* _Exercise_
Please give back, exactly as written, the lines from the line with "Alan Jones Solid Women Brown Track Pants" to the line with "ugurbocegicocukdunyası Παιδικό σχολικό" in the listing below, leaving out all pictures.

BEGIN Data to examine

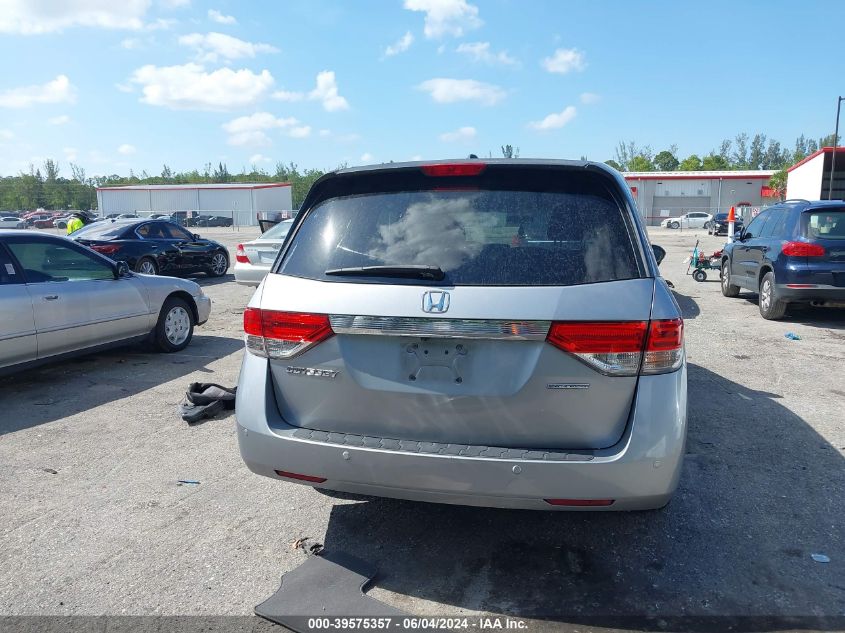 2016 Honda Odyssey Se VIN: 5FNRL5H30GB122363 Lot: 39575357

END Data to examine
BEGIN Data to examine

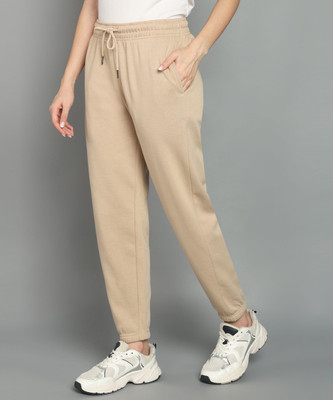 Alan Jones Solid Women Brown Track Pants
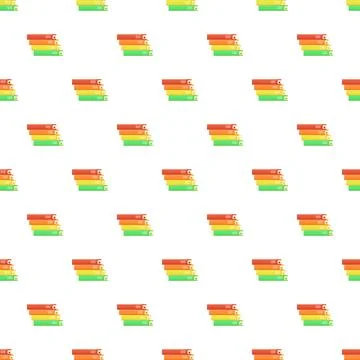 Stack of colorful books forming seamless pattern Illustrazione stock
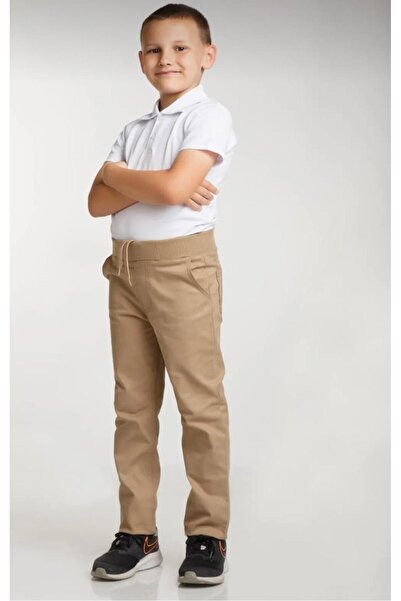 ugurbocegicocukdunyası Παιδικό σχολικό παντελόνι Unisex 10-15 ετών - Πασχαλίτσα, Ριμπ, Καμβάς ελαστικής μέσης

END Data to examine

* _Output of the task_
 Alan Jones Solid Women Brown Track Pants
 Stack of colorful books forming seamless pattern Illustrazione stock
 ugurbocegicocukdunyası Παιδικό σχολικό παντελόνι Unisex 10-15 ετών - Πασχαλίτσα, Ριμπ, Καμβάς ελαστικής μέσης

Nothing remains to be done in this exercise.